Ok, fine. I don’t buy this, but let’s say that what you’re saying is absolutely true.

Per the argument I leveled. That means every whole number is EXACTLY equal to the lowest possible “number” (your argument, not mine) that’s not zero.

My argument still stands. It’s absurd.

How did you arrive at the conclusion that every whole number is exactly equal to the lowest number?

That’s not even true for (\frac{1}{\infty}) let alone for whole numbers.

Really Magnus ?!

I’ll use your own post for it!

viewtopic.php?p=2758485#p2758485

You’re right. 1=0 is a constradiction.

My argument proves that when numbers converge at infinity (and in saying this, infinity is NOT A NUMBER!)

That 1=0.

Thus, infinities do not converge.

All you did was change infinity to “lowest possible ‘number’ that’s not equal to zero, which by my argument, makes every whole number equal to “the lowest possible number not equal to zero” which is still a contradiction.

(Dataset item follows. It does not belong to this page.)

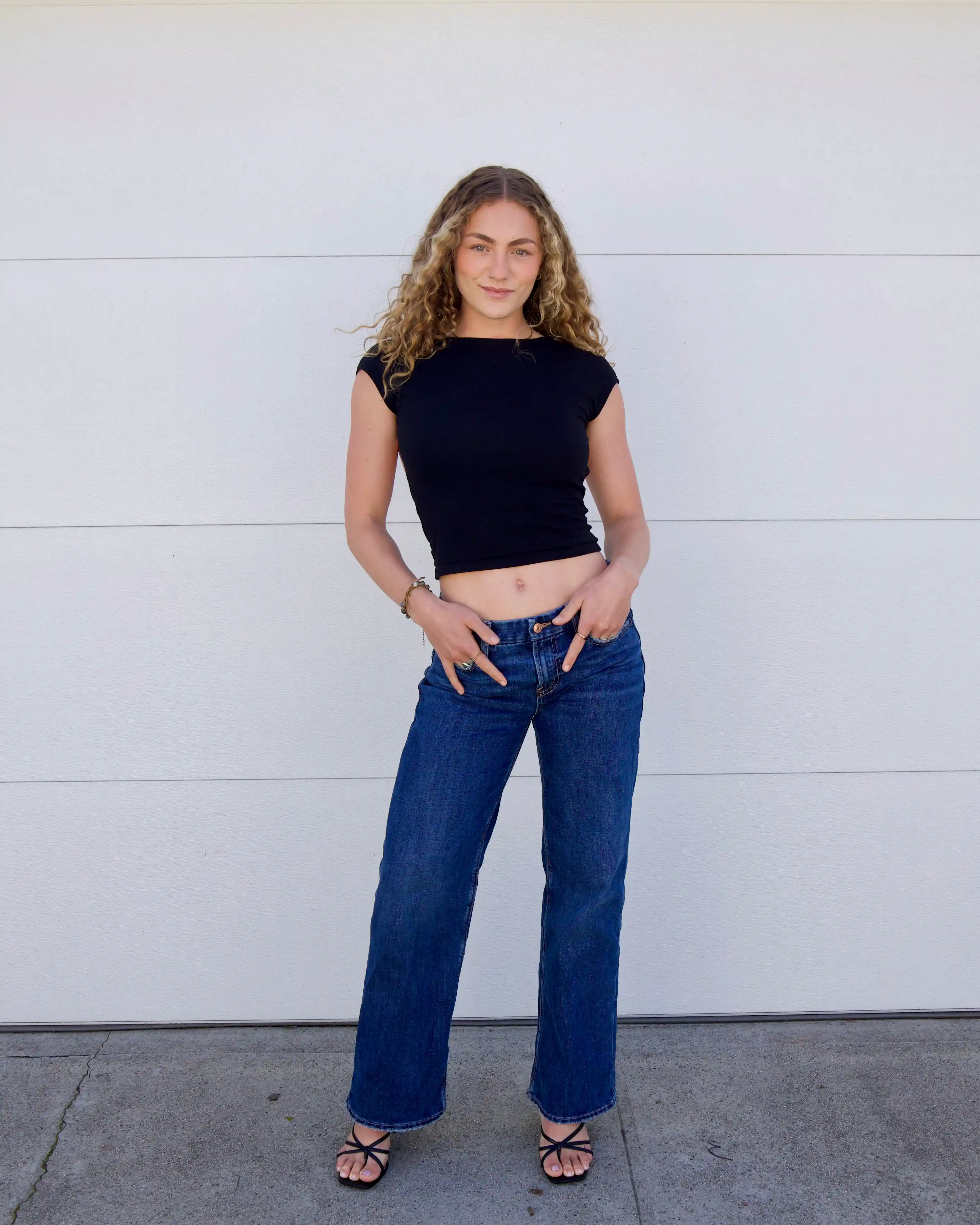 Model with blonde hair and green eyes posing with hands in her front pocket, wearing a fitted black t-shirt, dark blue straight-leg jeans, and strappy black kitten heels.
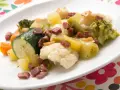 Un colorido panache de verduras con brócoli, coliflor, calabacín, zanahoria y patatas, salpicado de trocitos de jamón.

That means that 1=2!! Contradiction !

What argument, Ecmandu? Where is it?

You replied to the post yourself ! Honestly! This is getting absurd!

viewtopic.php?p=2758484#p2758484

What exactly does that prove?

Just what I said it does. Infinite series don’t converge.

To answer your question.

This started out with you asking:

“You’d have to explain why you’re limiting yourself to integers.”

To which I said: “Try it without integers. It doesn’t work.”

I was showing you it doesn’t work. Of course, what you really meant was the non-integer (\infty).

I don’t get the distinction between these two cases. Sounds like the exact same case just worded differently. In the one case you’re saying x can equal (\infty), in the other that it can’t.

This logic:

(x = 0.\dot9)
(10x = 9.\dot9)
(10x = 9 + 0.\dot9)
(10x = 9 + x)
(9x = 9)
(x = 1)

A sum cannot stop after an infinite number of terms because if it could it would be finite so the concept of completed infinity is entirely fallacious
And so your first sentence and third sentence contradict each other because if (1) increases by (1) and does not end then logically the sum cannot stop

I0x = 9.999…
I0x = 9 + .999…
I0x = 9 + x
I0x = 9 + I
I0x = I0
x = I

Not really.

I addressed this “proof” around 20 pages ago and I can restate what’s wrong with it but I think it’s pointless since you don’t agree that we can do arithmetic with infinite quantities.

Basically, you don’t agree that adding a green apple to an infinite line of red apples increases the number of apples in the line. Instead, you prefer to contradict yourself by saying that the number of apples remains the same.